*** SOURCE DATA Section Begins ***

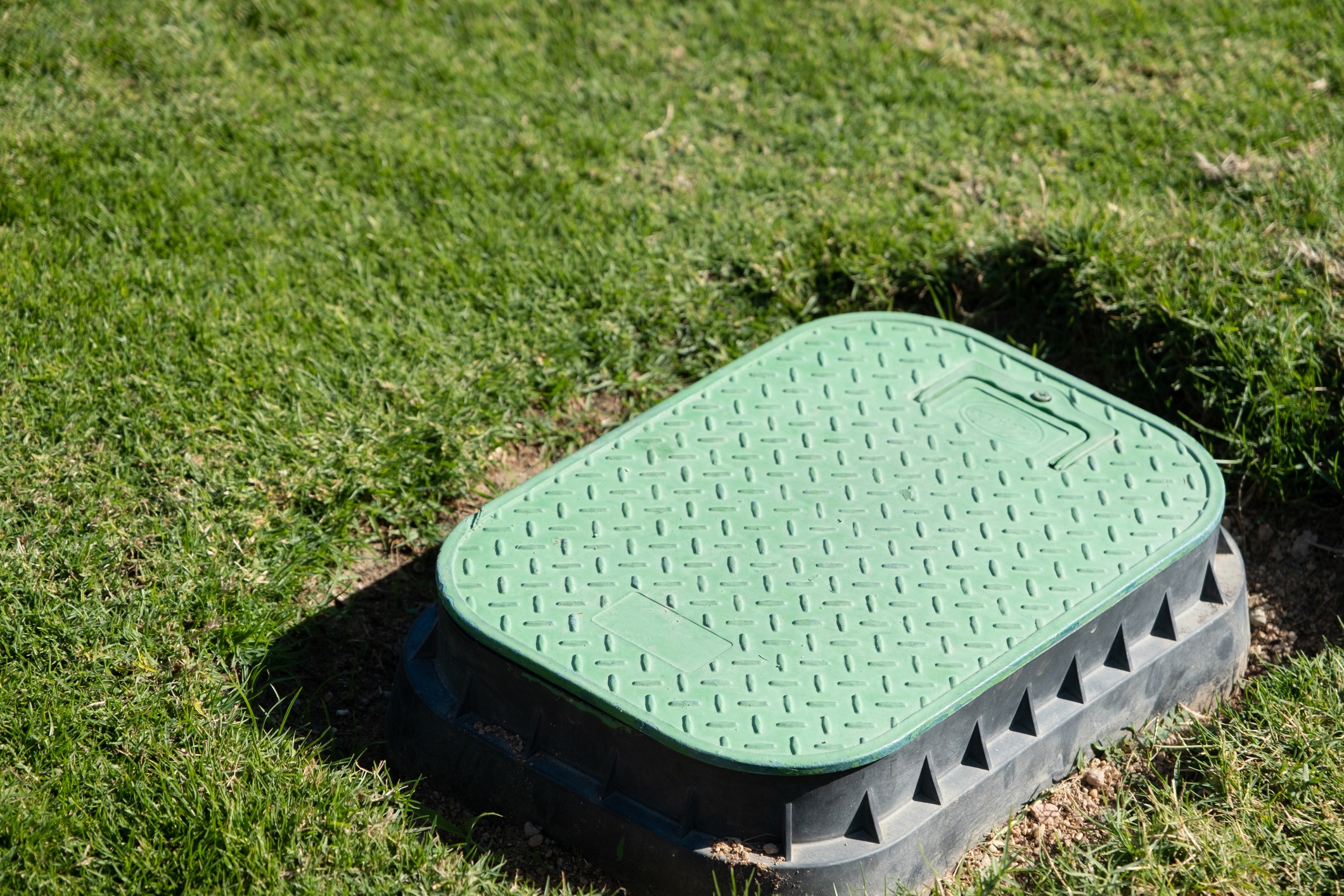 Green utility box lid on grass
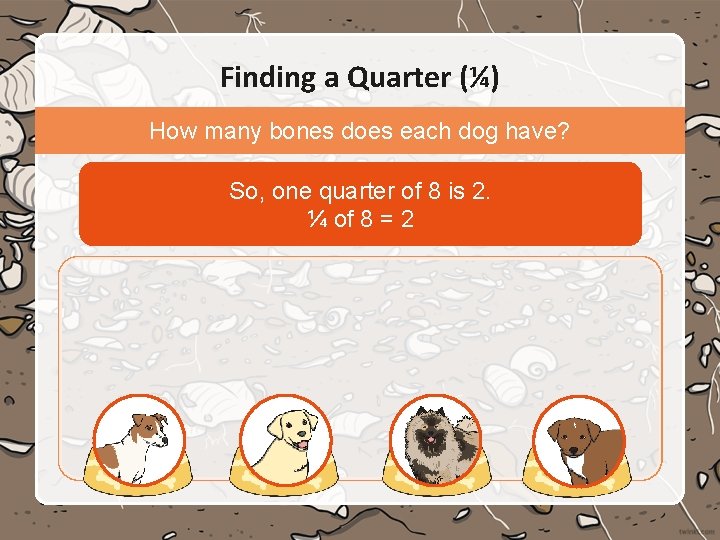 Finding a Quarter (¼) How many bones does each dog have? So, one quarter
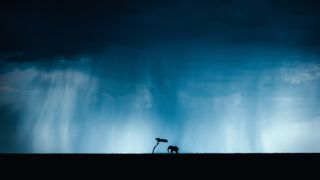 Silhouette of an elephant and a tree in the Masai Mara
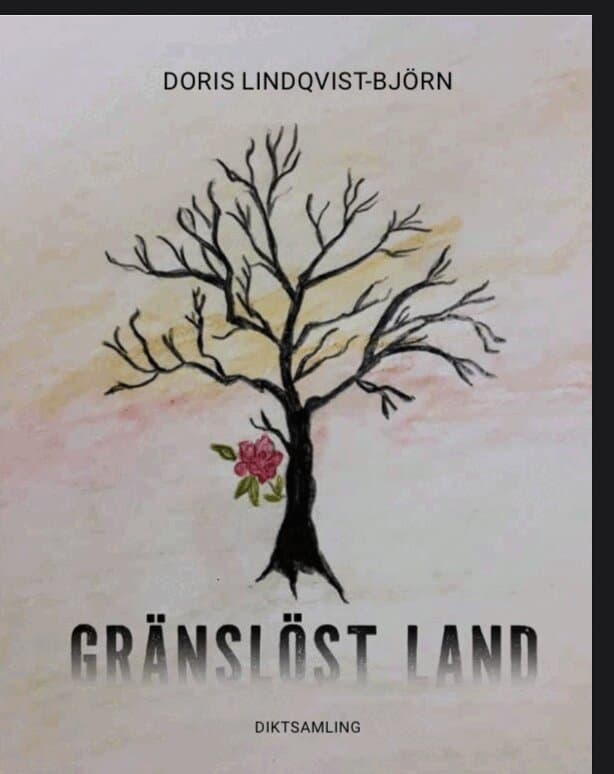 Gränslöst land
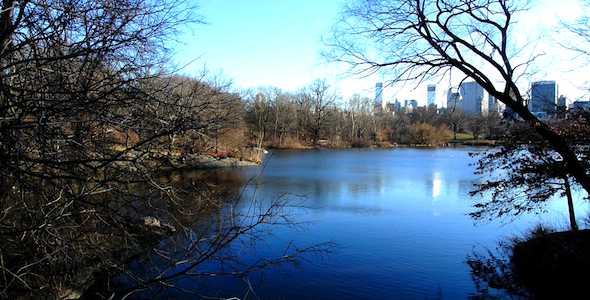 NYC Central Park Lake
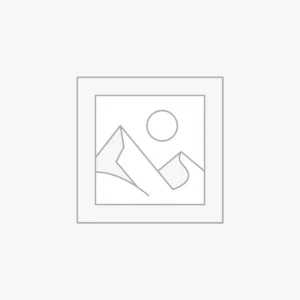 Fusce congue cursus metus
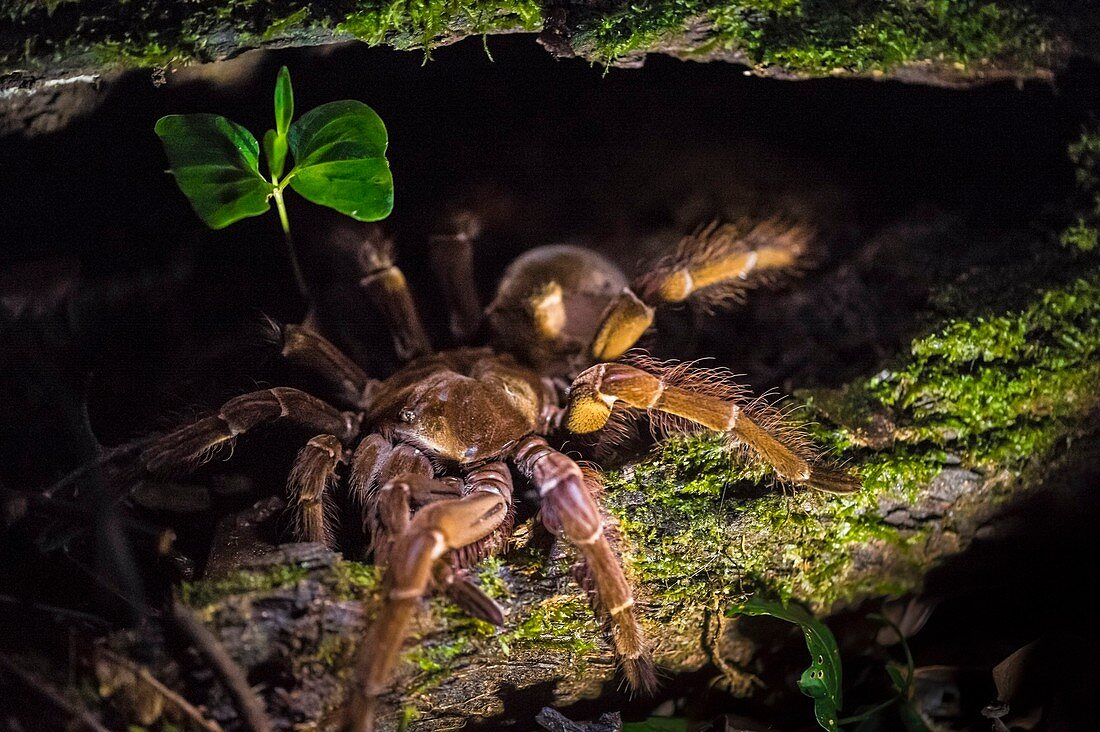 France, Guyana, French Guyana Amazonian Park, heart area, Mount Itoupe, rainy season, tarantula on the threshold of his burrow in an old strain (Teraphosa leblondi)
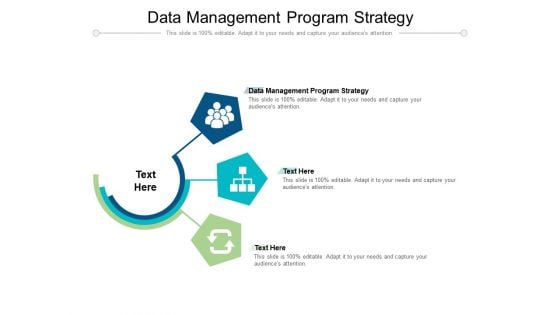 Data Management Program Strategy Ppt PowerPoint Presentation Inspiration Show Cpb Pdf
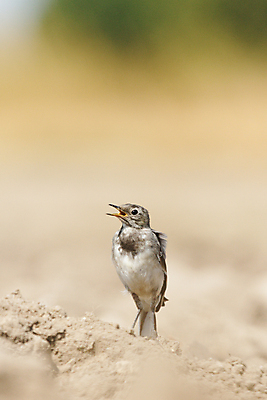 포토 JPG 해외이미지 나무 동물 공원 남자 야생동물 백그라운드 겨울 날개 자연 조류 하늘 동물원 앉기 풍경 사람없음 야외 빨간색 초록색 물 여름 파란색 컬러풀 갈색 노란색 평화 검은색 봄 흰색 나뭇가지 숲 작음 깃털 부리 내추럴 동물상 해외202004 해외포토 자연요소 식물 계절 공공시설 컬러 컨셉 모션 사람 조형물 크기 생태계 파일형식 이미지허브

*** SOURCE DATA Section Ends ***
*** SOURCE DATA Section Begins ***

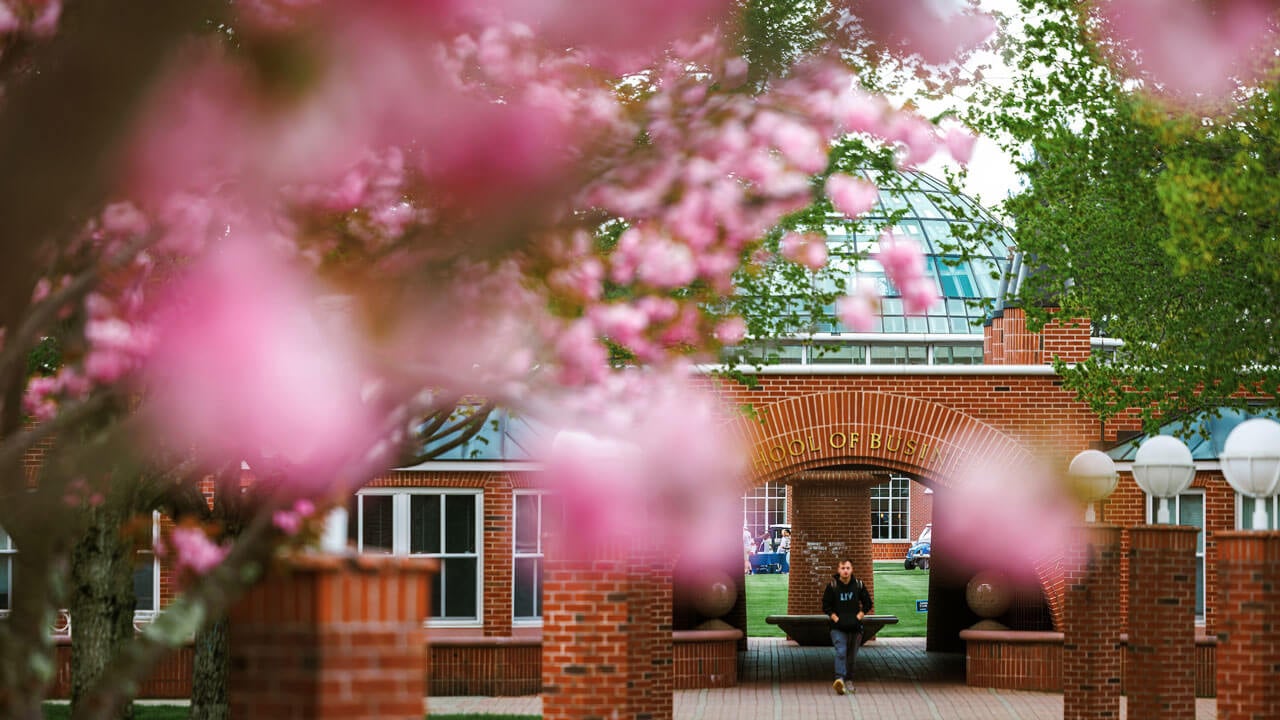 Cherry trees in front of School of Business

*** SOURCE DATA Section Ends ***

> _PROBLEM_: What you write out is the stretch of entries from the line containing "Gränslöst land" to the line containing "포토 JPG 해외이미지", word for word, with both end lines and no pictures.

> _WRITTEN RESPONSE_:
 Gränslöst land
 NYC Central Park Lake
 Fusce congue cursus metus
 France, Guyana, French Guyana Amazonian Park, heart area, Mount Itoupe, rainy season, tarantula on the threshold of his burrow in an old strain (Teraphosa leblondi)
 Data Management Program Strategy Ppt PowerPoint Presentation Inspiration Show Cpb Pdf
 포토 JPG 해외이미지 나무 동물 공원 남자 야생동물 백그라운드 겨울 날개 자연 조류 하늘 동물원 앉기 풍경 사람없음 야외 빨간색 초록색 물 여름 파란색 컬러풀 갈색 노란색 평화 검은색 봄 흰색 나뭇가지 숲 작음 깃털 부리 내추럴 동물상 해외202004 해외포토 자연요소 식물 계절 공공시설 컬러 컨셉 모션 사람 조형물 크기 생태계 파일형식 이미지허브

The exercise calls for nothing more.